Ainsi, lorsque la police a violemment réprimé une conférence de presse pacifique le 31 mai 2013, cela a touché l’une de ces profondes fibres morales chez les personnes généralement apolitiques ou non militantes. L’intrusion autoritaire dans la ville et le parc constituait une réplique parfaite d’autres formes d’intrusion dans la vie des gens, touchant entre autres l’éducation, le corps des femmes, la consommation d’alcool, etc. La résistance en place a été considérée comme légitime et nécessaire. Le fait que le conflit urbain ne s’inscrive pas dans les polarisations sociales et politiques profondes telle que la question kurde, qui sont utilisées pour rendre la violence étatique contre leurs participants relativement recevable aux yeux du grand public, a également amené ce cycle de violences policières à être perçu comme inacceptable par la population.

Si la politique urbaine de l’AKP constitue la clé de notre perception de cet évènement historique, nous ne devons pas pour autant sous-estimer le pouvoir articulatoire de l’espace social et physique. Une résistance d’une telle ampleur a certainement été possible de par son accessibilité et sa présence habituelle dans la vie quotidienne de la jeunesse stambouliote de classe moyenne, qui a d’autant plus favorisé son importance historique et contemporaine dans l’imaginaire collectif.

Aujourd’hui, la rébellion de Gezi a libéré un immense potentiel pour la restauration et l’expansion des luttes urbaines déterminant le futur d’Istanbul. Des assemblées de quartiers, que l’on n’aurait pas pu imaginer il y a seulement quelques mois, se sont développées à travers la ville, couvrant aujourd’hui plus de 50 secteurs. Des manifestations hebdomadaires sont organisées autour d’un éventail divers de questions locales. Une nouvelle génération de jeunes se politise à travers les questions urbaines pour réclamer une démocratisation de l’espace urbain et des politiques locales et se montre de plus en plus critique envers l’assaut néolibéral porté aux villes turques.
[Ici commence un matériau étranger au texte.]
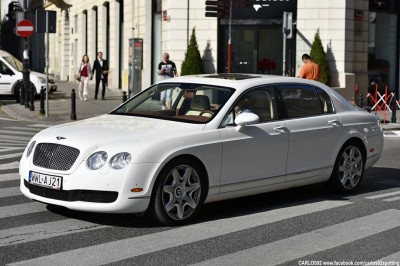 Bentley Continental Flying Spur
La tâche centrale qui nous attend consiste à établir des connections entre ces formes de luttes émergentes et les conflits existants dans les quartiers de la classe populaire d’Istanbul qui font face à des phénomènes de dislocation, dépossession et isolation socio-spatiale. Les possibilités de parvenir à relever ces défis sont plus prometteuses après Gezi.

1 Estimations du Ministère de l’Intérieur turc, in « 2.5 milyon insan 79 ilde sokağa indi », Milliyet Gazetesi, 23 juin 2013.

2 L’AKP est un parti issu du mouvement islamiste, né en 2001 lorsqu’une faction dissidente menée par Tayyip Erdogan et Abdullah Gul a rompu avec le Parti de la vertu (FP) et s’est associée avec des leaders de centre-droite. Le parti a gagné les élections générales de 2002 avec 34 % des voix et formé seul un gouvernement. Il s’est depuis maintenu au pouvoir pendant trois mandatures en augmentant ses scores électoraux. La Municipalité Métropolitaine d’Istanbul, actuellement gouvernée par l’AKP, est dirigée par des maires de tradition islamiste depuis l’élection d’Erdogan comme maire investi par le mouvement islamiste Parti de la prospérité (RP) en 1994.